── Data provided ──

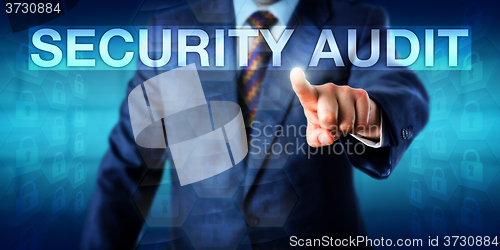 Image of Auditor Pressing SECURITY AUDIT Onscreen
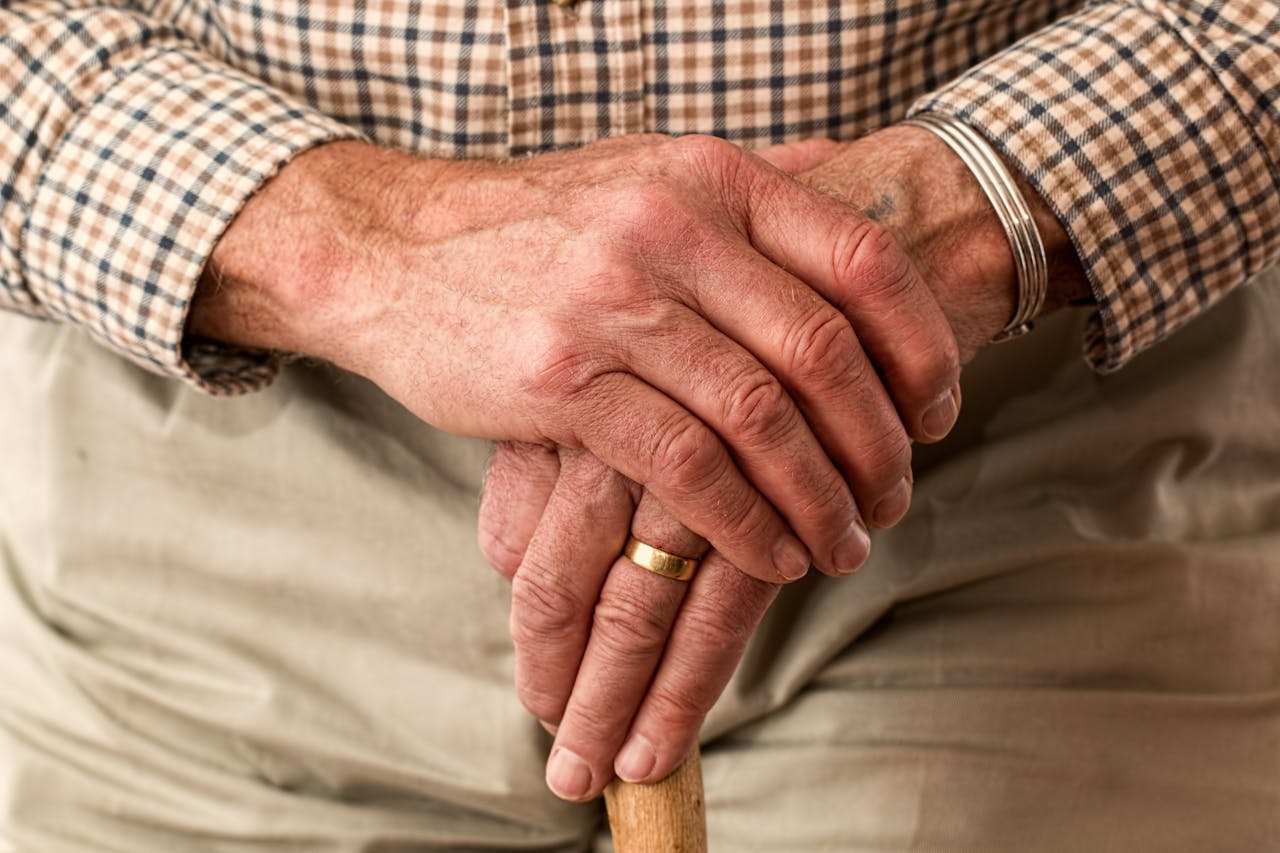 portfolio-img-03 A detailed image of elderly hands clasping a wooden cane, symbolizing aging and support.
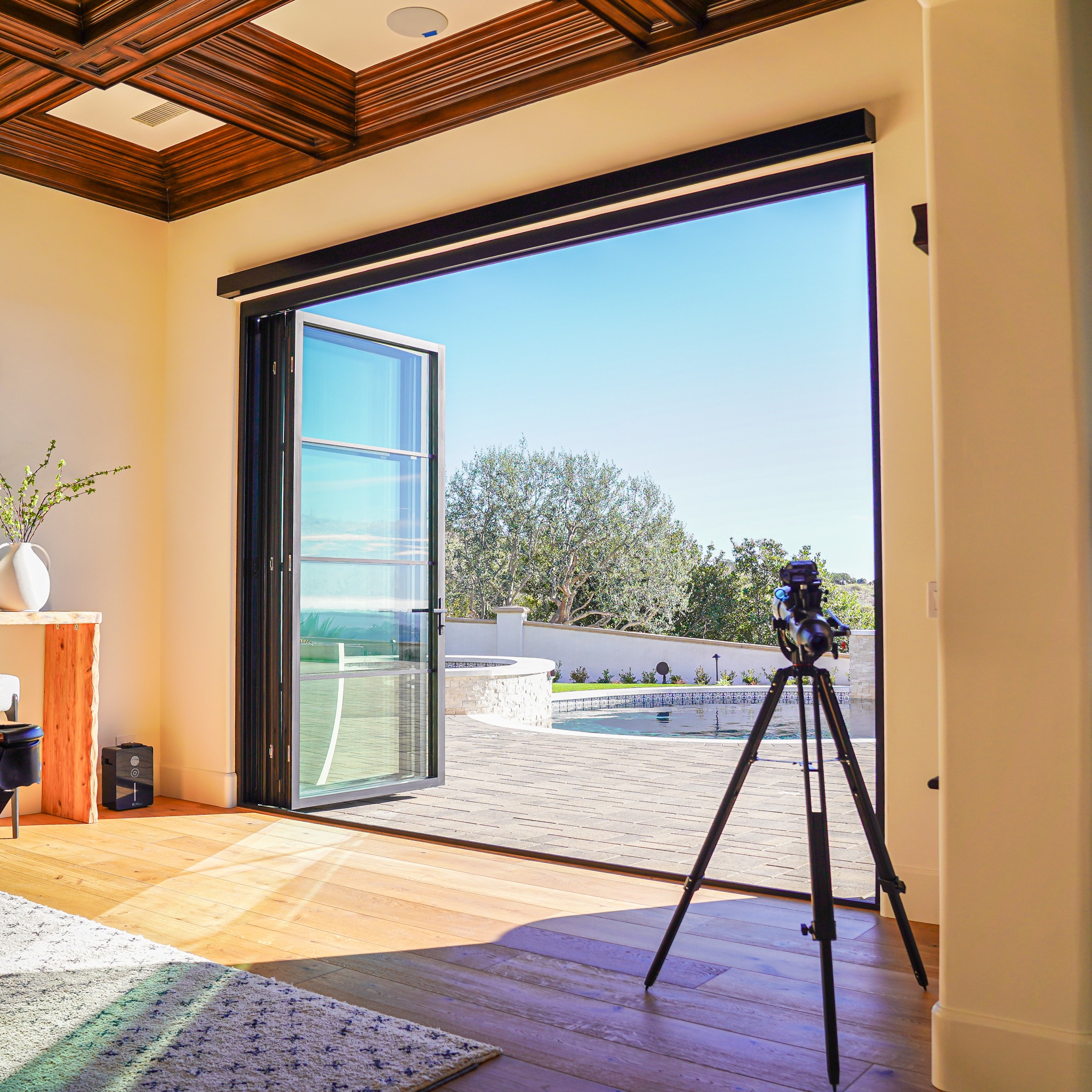 Lacantina A camera on a tripod is set up at an open patio door, overlooking a terrace with a pool and trees beyond, shot from inside a modern room with wooden floors and ceiling.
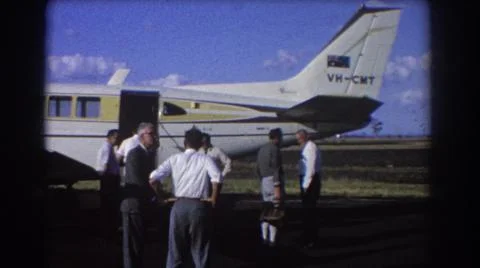 1967:BRISBANE AUSTRALIA.Group Of Men Stand Near White And Yellow Airplane On A Stock Photos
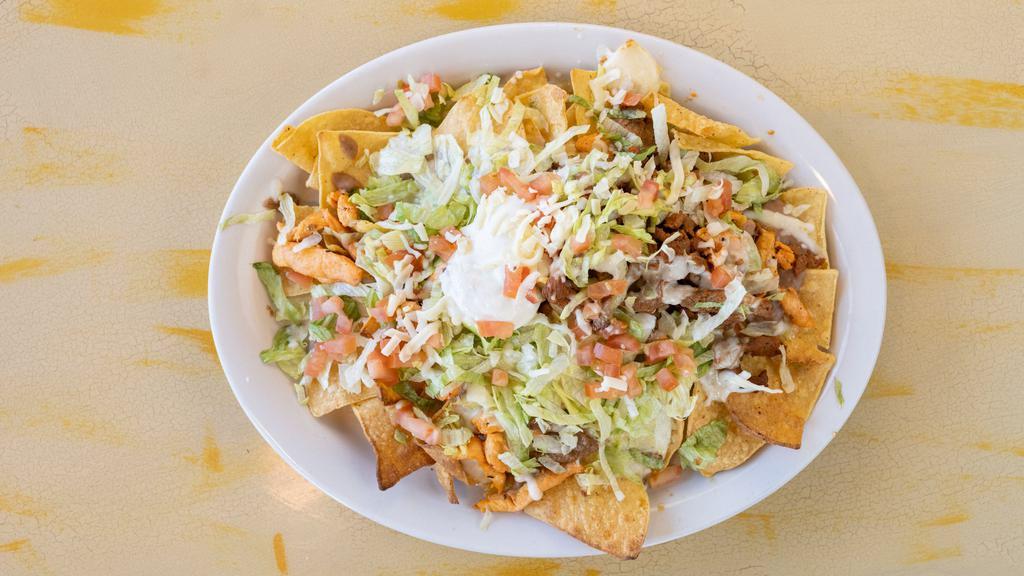 Nachos El Mariachi · Cheese and bean nachos topped with your choice of grilled chicken strips or beef steak, with cheese sauce. Topped with lettuce, tomato and sour cream.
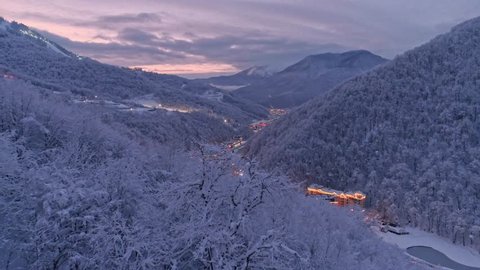 Aerial drone establishing shot of white winter Rosa Khutor resort in Sochi. Snow covered trees. Evening illumination. After sunset. Flying low above snow forest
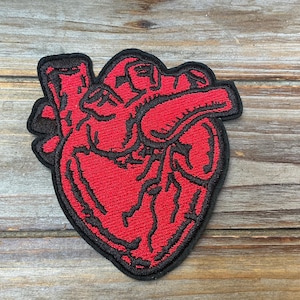 May include: An embroidered patch in the shape of an anatomical human heart. The design features vibrant red thread for the heart muscle and prominent black thread outlining the various chambers, veins, and arteries, finished with a black border.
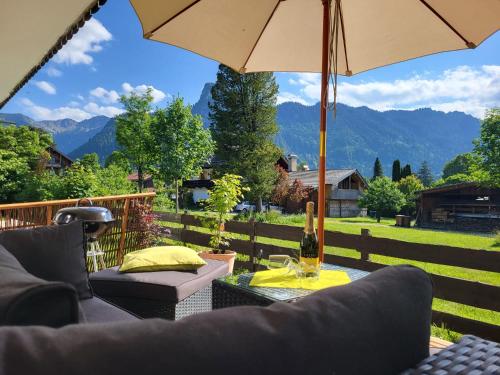 a patio with two couches and an umbrella at Alpenblick in Oberammergau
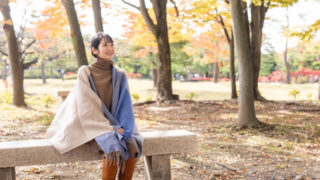 公園でロングブーツを履く女性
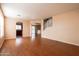 Spacious open-concept living room showcasing wood floors and arched entryways at 1036 E Magnum Rd, San Tan Valley, AZ 85140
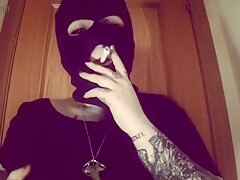 Girl With A Mask Plays With Her Tits And Smokes A Cigarette
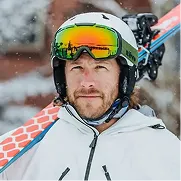 Man wearing ski goggles and helmet in snowy conditions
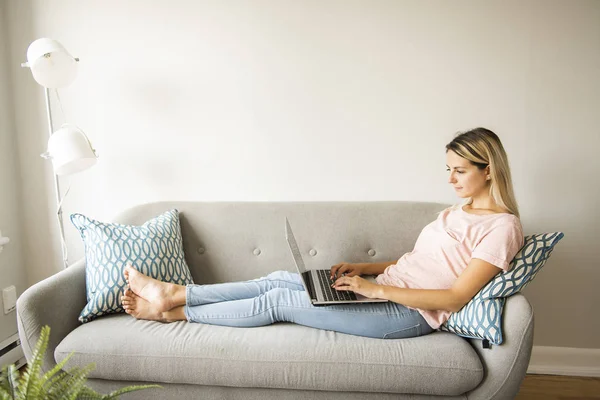Mujer con un ordenador portátil en el sofá en casa — Foto de Stock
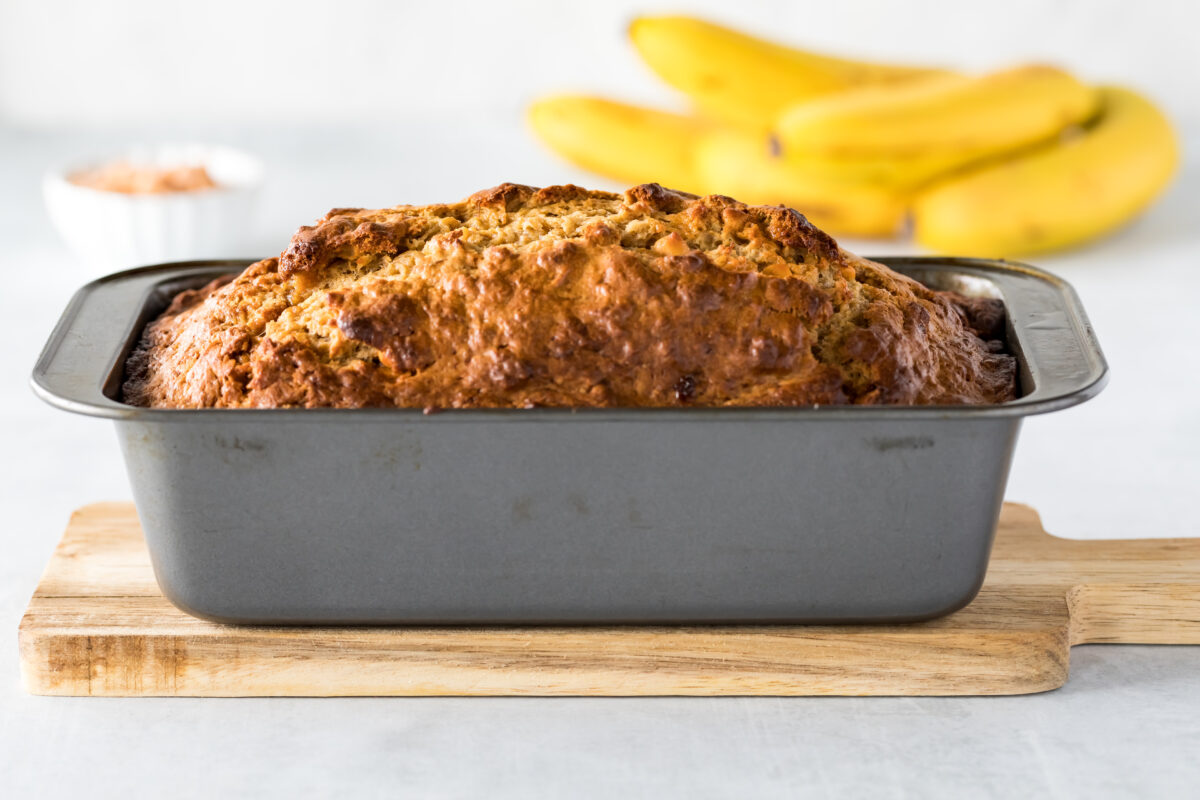 Close up view of a butterscotch banana bread loaf fresh out of the oven cooling on a wooden board.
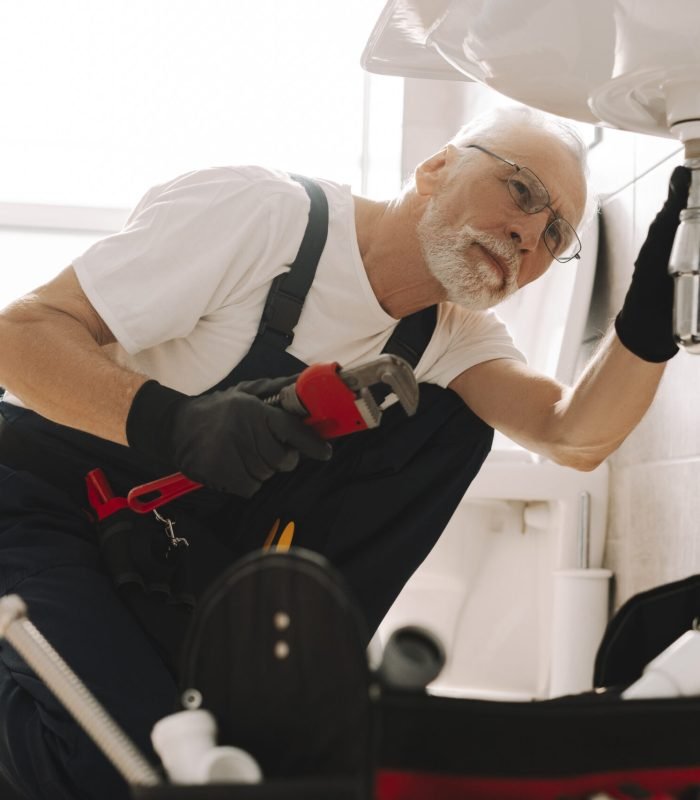 Senior plumber wearing blue overalls is on his knees, tightening the pipe under a bathroom sink using an adjustable wrench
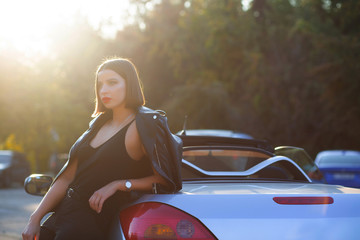 Luxurious brunette lady with red lips, posing in a convertible car with a sun light. Space for text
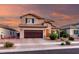 Beautiful home with desert landscaping, complemented by a brown garage door and warm exterior tones at 2607 W Gray Wolf Trl, Phoenix, AZ 85085
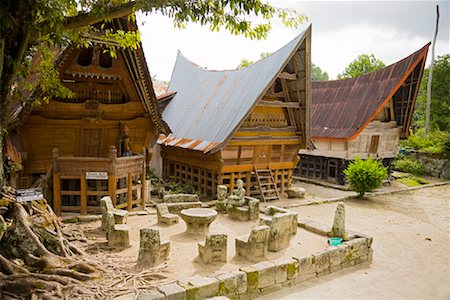 Stone Chairs and Table by Traditional Buildings, Lake Toba, Sumatra, Indonesia Stock Photo - Rights-Managed, Code: 700-02046533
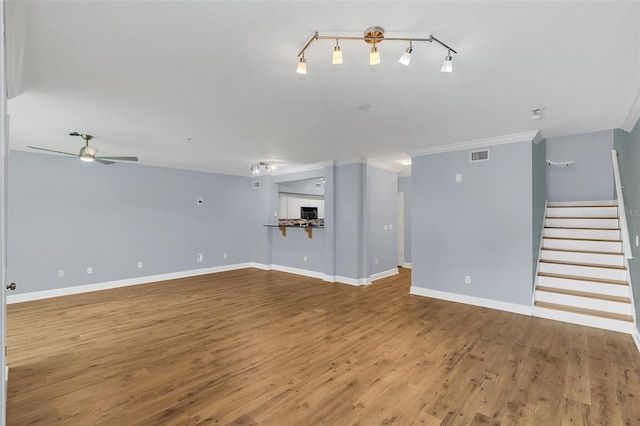 unfurnished living room featuring ceiling fan, hardwood / wood-style floors, and crown molding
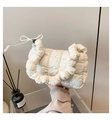 Detail of white quilted bubble handbag featuring pleated handle and drawstring bow - Off White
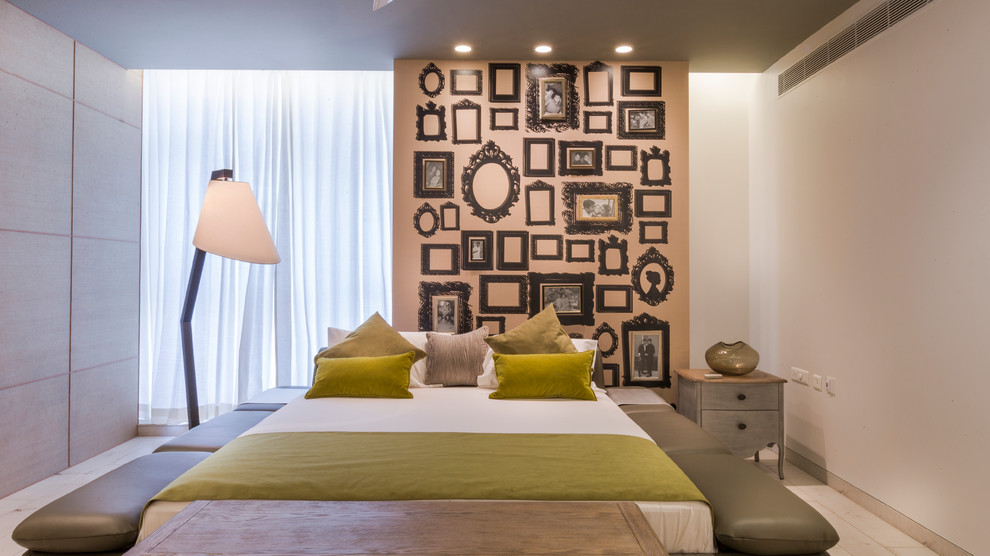 Large contemporary bedroom in Hyderabad with beige walls.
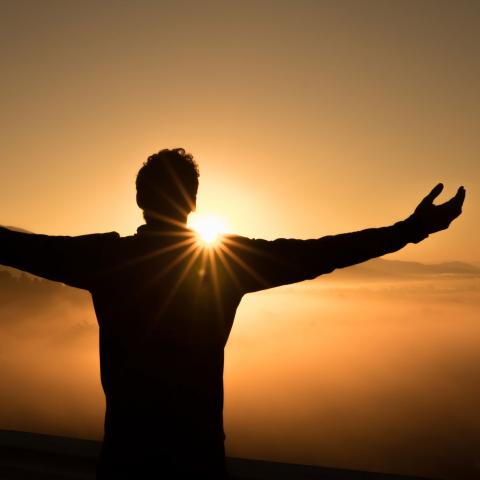Person with open arms silhouetted against the sun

───

What is required:
Would you print all of the entries exactly, omitting any image?

Answer section:
 Image of Auditor Pressing SECURITY AUDIT Onscreen
 portfolio-img-03 A detailed image of elderly hands clasping a wooden cane, symbolizing aging and support.
 Lacantina A camera on a tripod is set up at an open patio door, overlooking a terrace with a pool and trees beyond, shot from inside a modern room with wooden floors and ceiling.
 1967:BRISBANE AUSTRALIA.Group Of Men Stand Near White And Yellow Airplane On A Stock Photos
 Nachos El Mariachi · Cheese and bean nachos topped with your choice of grilled chicken strips or beef steak, with cheese sauce. Topped with lettuce, tomato and sour cream.
 Aerial drone establishing shot of white winter Rosa Khutor resort in Sochi. Snow covered trees. Evening illumination. After sunset. Flying low above snow forest
 May include: An embroidered patch in the shape of an anatomical human heart. The design features vibrant red thread for the heart muscle and prominent black thread outlining the various chambers, veins, and arteries, finished with a black border.
 a patio with two couches and an umbrella at Alpenblick in Oberammergau
 公園でロングブーツを履く女性
 Spacious open-concept living room showcasing wood floors and arched entryways at 1036 E Magnum Rd, San Tan Valley, AZ 85140
 Girl With A Mask Plays With Her Tits And Smokes A Cigarette
 Man wearing ski goggles and helmet in snowy conditions
Mujer con un ordenador portátil en el sofá en casa — Foto de Stock
 Close up view of a butterscotch banana bread loaf fresh out of the oven cooling on a wooden board.
 Senior plumber wearing blue overalls is on his knees, tightening the pipe under a bathroom sink using an adjustable wrench
 Luxurious brunette lady with red lips, posing in a convertible car with a sun light. Space for text
 Beautiful home with desert landscaping, complemented by a brown garage door and warm exterior tones at 2607 W Gray Wolf Trl, Phoenix, AZ 85085
 Stone Chairs and Table by Traditional Buildings, Lake Toba, Sumatra, Indonesia Stock Photo - Rights-Managed, Code: 700-02046533
 unfurnished living room featuring ceiling fan, hardwood / wood-style floors, and crown molding
 Detail of white quilted bubble handbag featuring pleated handle and drawstring bow - Off White
 Large contemporary bedroom in Hyderabad with beige walls.
Person with open arms silhouetted against the sun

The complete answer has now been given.